Paracrine rather than systemic glucocorticoids are biologically active in the thymus

Abstract

Abstract Thymocyte positive and negative selection are critical for generation of a competent and self-tolerant T cell repertoire. Glucocorticoids (GCs) protect thymocytes from T cell receptor (TCR)-induced death, and thymocyte-specific GC receptor (GR) deletion amplifies negative selection, weakening the TCR repertoire. Circulating GCs are secreted by the adrenals, but levels fluctuate widely with time of day and in response to stressors.

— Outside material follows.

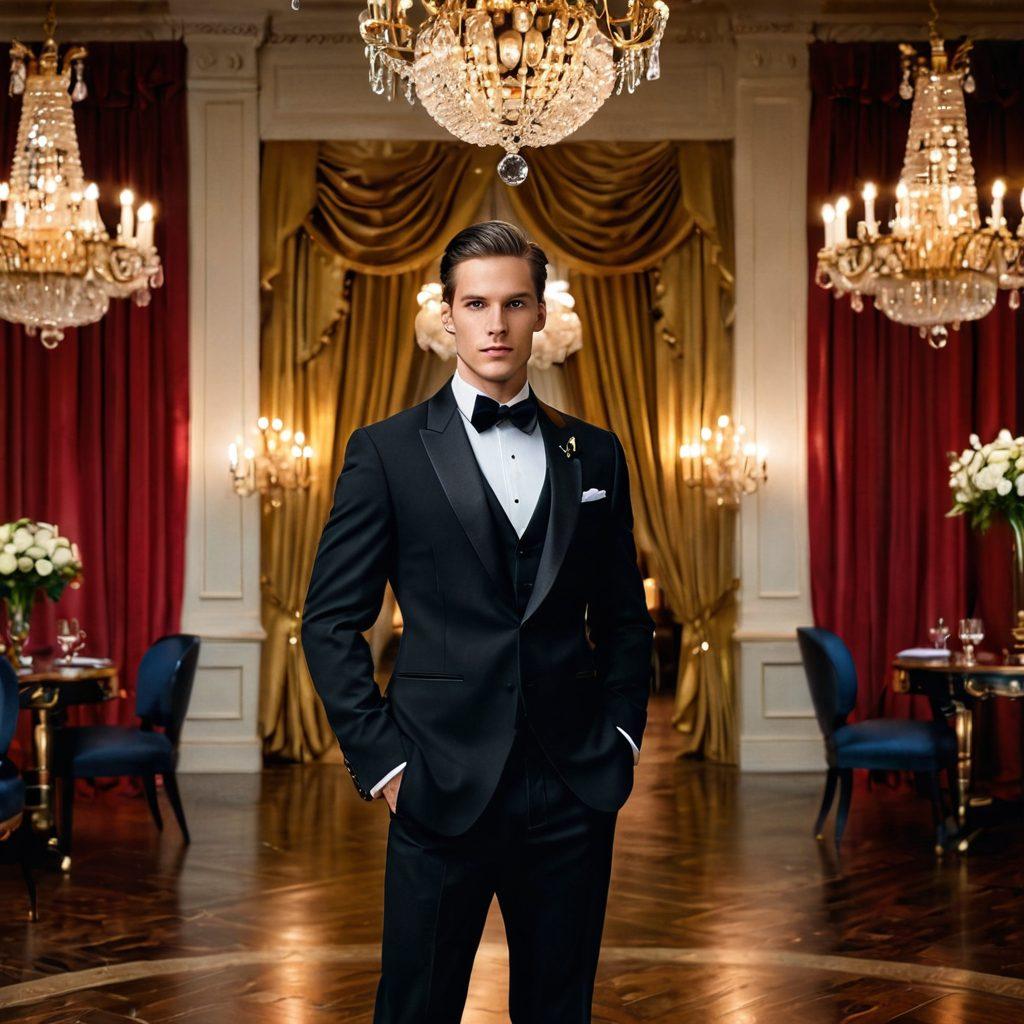 A sophisticated gentleman in a perfectly tailored bespoke tuxedo, standing confidently against an elegant backdrop of a lavish ballroom. The scene is enriched with subtle details like a shimmering chandelier and tasteful decor, emphasizing luxury and style. A stylish ribbon or bowtie adds a contemporary twist to the classic attire, inviting the viewer to explore the allure of formal wear. super-realistic. vibrant colors. luxurious ambiance.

To avoid such variation, thymus GCs might be regulated independently of the adrenals, as thymic epithelial cells (TECs) and possibly thymocytes express GC-synthetic enzymes. Whether local GC production is sufficient to affect thymocyte development in the presence of adrenal GCs, however, is unknown. Here, we have found that corticosterone, the major mouse GC, was locally elevated in the thymus compared to the blood, and that cultured thymus produced corticosterone from endogenous substrates via GC-synthetic enzyme activity. To test the source and importance of local GC synthesis in vivo, we generated mice with targeted deletion of the GC-synthetic enzyme Cyp11b1 in TECs (Cyp11b1foxn1-Cre) or thymocytes (Cyp11b1lck-Cre). As a measure of GC signaling we quantified thymocyte expression of the GC-responsive gene Gilz. Gilz mRNA was normal in Cyp11b1lck-Cre but reduced in Cyp11b1foxn1-Cre thymocytes, with a reduction equivalent to that in GR-deficient thymocytes. Basal GR signaling is thus driven overwhelmingly by TEC-rather than adrenal-derived corticosterone. These findings demonstrate the importance of paracrine GC function in vivo, and are consistent with a role for paracrine GCs in thymocyte selection.